Daft icon indicating copy to clipboard operation
Daft copied to clipboard

Defining a sampling distribution

Open GuyPozner opened this issue 1 year ago • 10 comments

I have parquet files divided into sub populations, I want to define a sampling distribution of the dataset to allow to sample from that distribution while training with pytorch.

In Tensorflow I have implemented it with:

ds = tf.data.experimental.sample_from_datasets(
    [ds1, ds2], [0.7, 0.3]
)

In pytorch I have implement it with:

class WeightedDataset(IterableDataset):
    def __init__(self, datasets: List[Dataset], weights: List[float]):
        self.datasets = datasets
        self.weights = weights

    def __iter__(self):
        ds_iters = [cycle(dataset) for dataset in self.datasets]
        while True:
            ds = np.random.choice(ds_iters, p=self.weights)
            yield next(ds)

ds = WeightedDataset([ds1, ds2], [0.7, 0.3])

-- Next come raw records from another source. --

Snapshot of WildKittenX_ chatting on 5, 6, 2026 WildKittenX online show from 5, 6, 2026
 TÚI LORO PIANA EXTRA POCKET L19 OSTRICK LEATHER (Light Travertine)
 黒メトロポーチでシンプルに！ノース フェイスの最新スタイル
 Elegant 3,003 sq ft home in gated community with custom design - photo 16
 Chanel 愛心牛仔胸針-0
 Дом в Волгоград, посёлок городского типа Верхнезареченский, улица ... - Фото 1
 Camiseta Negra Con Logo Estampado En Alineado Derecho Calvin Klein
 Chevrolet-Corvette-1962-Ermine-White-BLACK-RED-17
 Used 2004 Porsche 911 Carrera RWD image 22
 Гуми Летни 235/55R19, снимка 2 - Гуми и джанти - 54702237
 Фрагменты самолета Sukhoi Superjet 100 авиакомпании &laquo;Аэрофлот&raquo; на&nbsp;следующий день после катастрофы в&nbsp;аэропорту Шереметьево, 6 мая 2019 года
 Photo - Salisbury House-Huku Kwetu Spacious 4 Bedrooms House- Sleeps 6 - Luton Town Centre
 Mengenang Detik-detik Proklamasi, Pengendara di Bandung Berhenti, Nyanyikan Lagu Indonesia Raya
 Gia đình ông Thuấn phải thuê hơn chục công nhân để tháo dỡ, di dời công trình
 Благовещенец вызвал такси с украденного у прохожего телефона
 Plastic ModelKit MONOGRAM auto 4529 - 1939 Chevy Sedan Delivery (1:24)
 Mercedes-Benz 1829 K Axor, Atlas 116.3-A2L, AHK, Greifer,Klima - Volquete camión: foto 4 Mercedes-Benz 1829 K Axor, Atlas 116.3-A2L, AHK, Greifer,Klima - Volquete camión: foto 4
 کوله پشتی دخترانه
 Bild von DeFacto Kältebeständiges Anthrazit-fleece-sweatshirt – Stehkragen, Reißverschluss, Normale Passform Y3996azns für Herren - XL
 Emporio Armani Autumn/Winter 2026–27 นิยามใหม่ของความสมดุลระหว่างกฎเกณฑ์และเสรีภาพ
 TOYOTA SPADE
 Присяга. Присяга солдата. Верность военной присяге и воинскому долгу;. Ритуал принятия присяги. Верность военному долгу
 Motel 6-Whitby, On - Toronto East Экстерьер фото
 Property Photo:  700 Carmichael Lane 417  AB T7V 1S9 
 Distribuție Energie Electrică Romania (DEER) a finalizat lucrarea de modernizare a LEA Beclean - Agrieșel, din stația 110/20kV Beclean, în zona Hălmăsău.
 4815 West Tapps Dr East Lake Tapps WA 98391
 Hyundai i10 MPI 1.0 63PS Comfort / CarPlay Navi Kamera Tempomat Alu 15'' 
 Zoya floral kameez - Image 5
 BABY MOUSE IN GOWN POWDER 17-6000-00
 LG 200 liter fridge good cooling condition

Currently I am using the second method with Daft which is prone to OOM as the amount of subpopulations gets bigger. Is there an option currently to define this sampling logic within daft based on a column? or hive partitioning? If not, is it possible to implement this logic within daft in way that would be less resource intensive?

Ideally I would like to do:

df = df.sample_with(col="colname", weights={"value1": 0.7, "value2": 0.3})

Or,

df = daft.from_dataframes([df1, df2], weights=[0.7, 0.3])

What do you say?

GuyPozner avatar Jun 02 '24 11:06 GuyPozner

We currently have a df.sample method that samples a fraction of a dataframe, you could do something like:

df1 = df1.sample(0.7)
df2 = df2.sample(0.3)
df = df1.concat(df2)

Would this work for your use case?

colin-ho avatar Jun 05 '24 16:06 colin-ho

No, since the number of samples in each dataframe is different and I want df1 samples to represent 0.3 of the df distribution. We use this feature to deal with imbalanced data, to increase the probability of sampling a class that is either wise has low sampling probability.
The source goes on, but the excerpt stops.